• [Problem to work on]: Repeat exactly, and only, the lines of the entries below from the one with "Lucky Road Signature" through the one with "1027 Autumn Street, Jackson, MS 39212", both ends included.
[[ Entries provided open ]]
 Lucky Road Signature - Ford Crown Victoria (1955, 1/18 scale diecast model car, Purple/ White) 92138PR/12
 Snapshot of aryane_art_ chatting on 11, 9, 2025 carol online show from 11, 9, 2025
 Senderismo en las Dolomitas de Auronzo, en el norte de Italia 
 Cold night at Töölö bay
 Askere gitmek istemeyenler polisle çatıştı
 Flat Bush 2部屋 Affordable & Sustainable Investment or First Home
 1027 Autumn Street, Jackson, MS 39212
[[ Entries provided closed ]]
[[ Entries provided open ]]
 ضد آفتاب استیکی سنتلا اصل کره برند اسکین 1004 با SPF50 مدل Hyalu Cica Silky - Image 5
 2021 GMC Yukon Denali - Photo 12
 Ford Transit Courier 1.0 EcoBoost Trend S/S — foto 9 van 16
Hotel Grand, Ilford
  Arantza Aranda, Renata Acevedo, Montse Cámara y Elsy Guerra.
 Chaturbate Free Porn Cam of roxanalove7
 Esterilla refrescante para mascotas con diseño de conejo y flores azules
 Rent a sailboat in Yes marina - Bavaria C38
[[ Entries provided closed ]]
• [Worked solution]:
 Lucky Road Signature - Ford Crown Victoria (1955, 1/18 scale diecast model car, Purple/ White) 92138PR/12
 Snapshot of aryane_art_ chatting on 11, 9, 2025 carol online show from 11, 9, 2025
 Senderismo en las Dolomitas de Auronzo, en el norte de Italia 
 Cold night at Töölö bay
 Askere gitmek istemeyenler polisle çatıştı
 Flat Bush 2部屋 Affordable & Sustainable Investment or First Home
 1027 Autumn Street, Jackson, MS 39212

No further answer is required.